Efficiency on a Dime
One commitment I made to myself when I agreed to head my church’s audiovisual ministry was not to let it consume me or cause me to neglect my family. That’s easier at some times of the year than others, but I’ve found several online tools that help me get this done, and all but one are free.
We began using Planning Center Online in April 2007 and haven’t looked back. We started with the free 30 day trial, then went with what was then the $9/month plan. Due mainly to the growth of the tech team, we moved up to the $14/month plan last year. Prior to Planning Center, the Music Minister and I emailed an excel file back and forth during the week. Google Docs’ spreadsheets could be used much easier today if no money is available, but the low-cost of Planning Center makes it practically a necessity for communicating and laying out a service plan.
I also use Planning Center to schedule the rotation of my Tech Team. Their ability to accept or decline and then later receive email reminders is great. And there’s a Facebook app too.
DropBox is another invaluable tool I use pretty much on a daily basis. It allows me to work at home (or anywhere else with internet access). Videos, sermon notes, announcements, etc. can all be saved on my home computer or laptop and within minutes or seconds, the files will also be on the media pc at church. The 2GB free version of DropBox is sufficient for me.
Once the planning a preparation for Sundays is complete, I can access the media pc from home with Logmein Free to actually set up EasyWorship and anything else that I want to do prior to Sunday. On the IT side of my responsibilities, Logmein is installed on all the church pcs to give me and that team remote access.

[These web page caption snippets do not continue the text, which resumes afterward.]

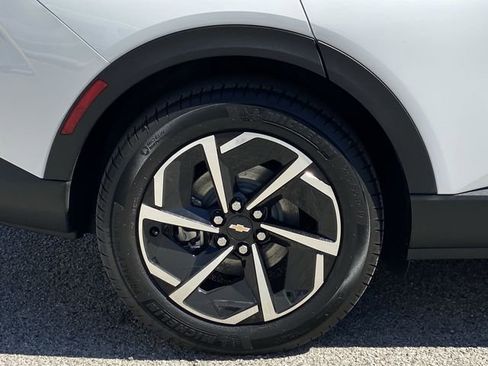 New 2026 Chevrolet Equinox EV LT FWD image 44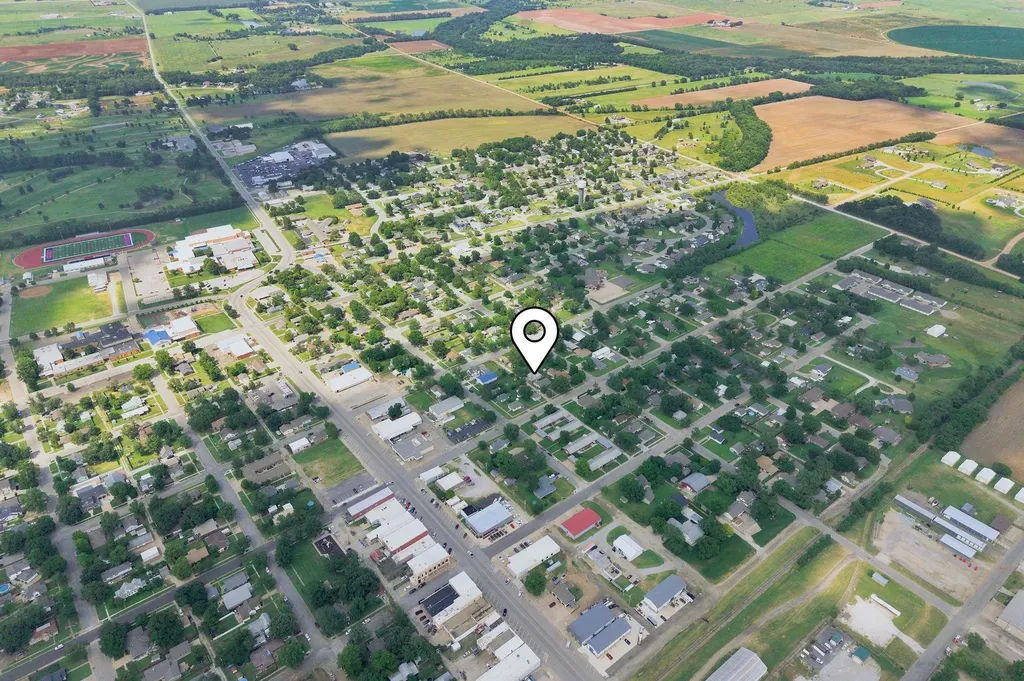 311 N Garfield Street Cheney KS 67025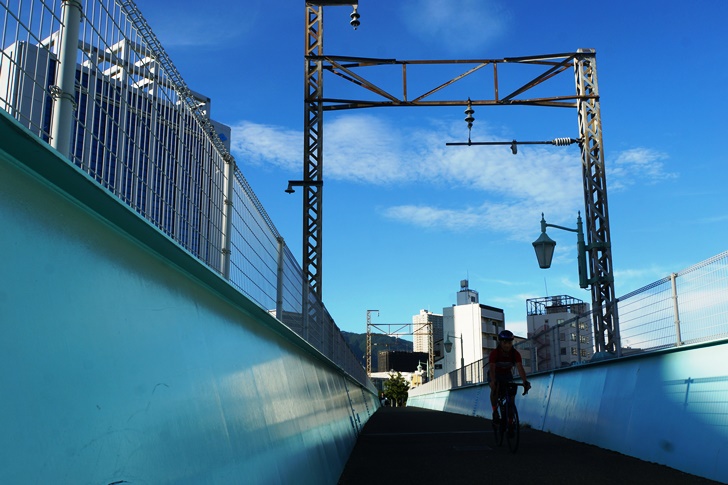 街のど真ん中に整備された『JR貨物臨港線廃線跡散歩道』は架線柱もそのまま残されていて廃線ムードたっぷり！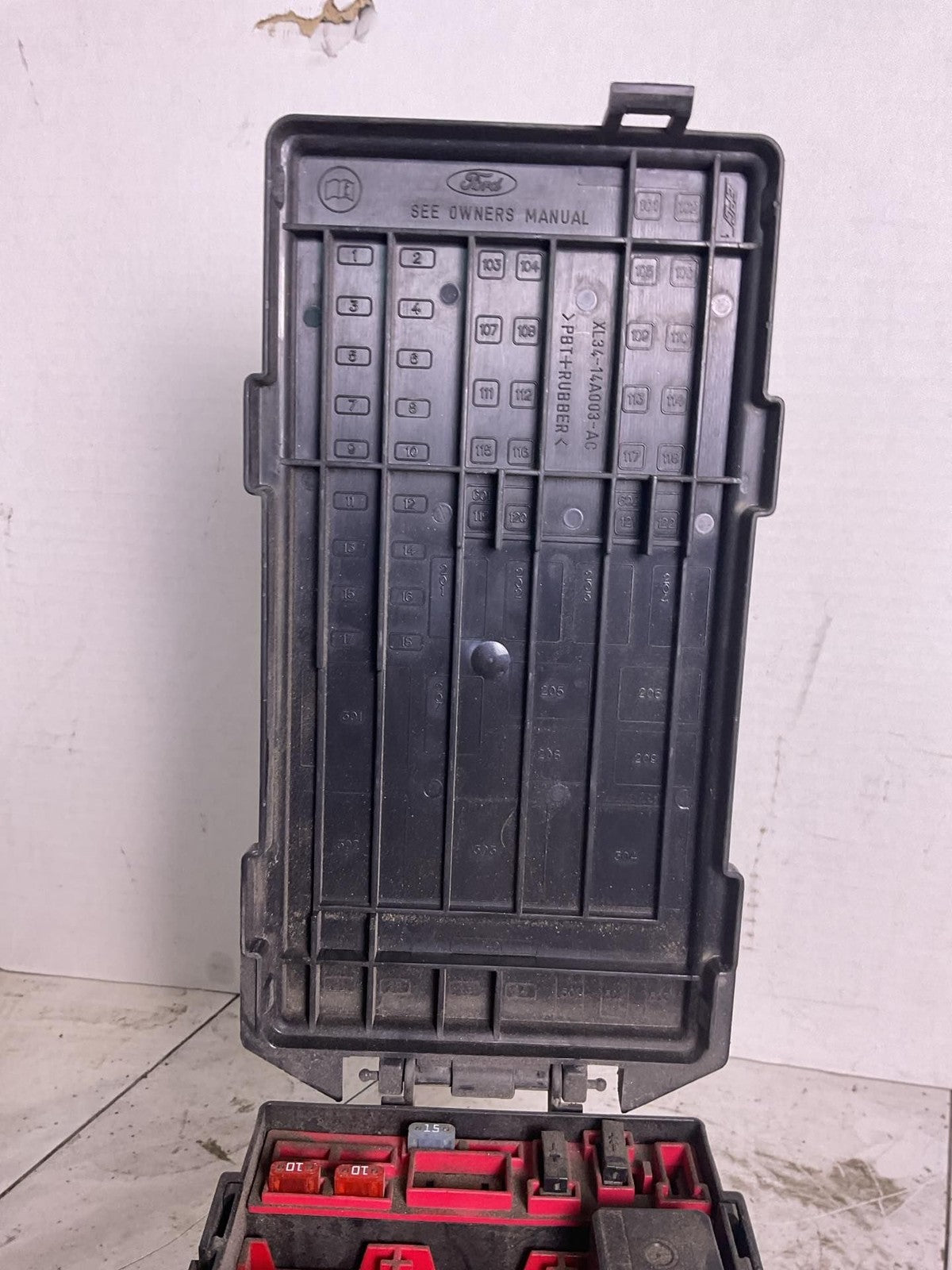 Engine Fuse Box FORD PICKUP F150 00 01 02 03 043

Other free programs I utilize on a regular basis for tech work are Audacity for sermon recording and editing, Google Docs, Box.net, and Evernote for saving and sharing files, notes, and training material.
There are also a host of free background images and loops for projection. Vimeo and YouTube are good places to start.
Being a volunteer tech leader in a small to medium-sized church requires two things week after week: get as much done as possible in the short amount of available time and do it all as cheaply as possible. Each of these tools enable me to accomplish that. And the best part is I don’t have to be away from my home or family to do it.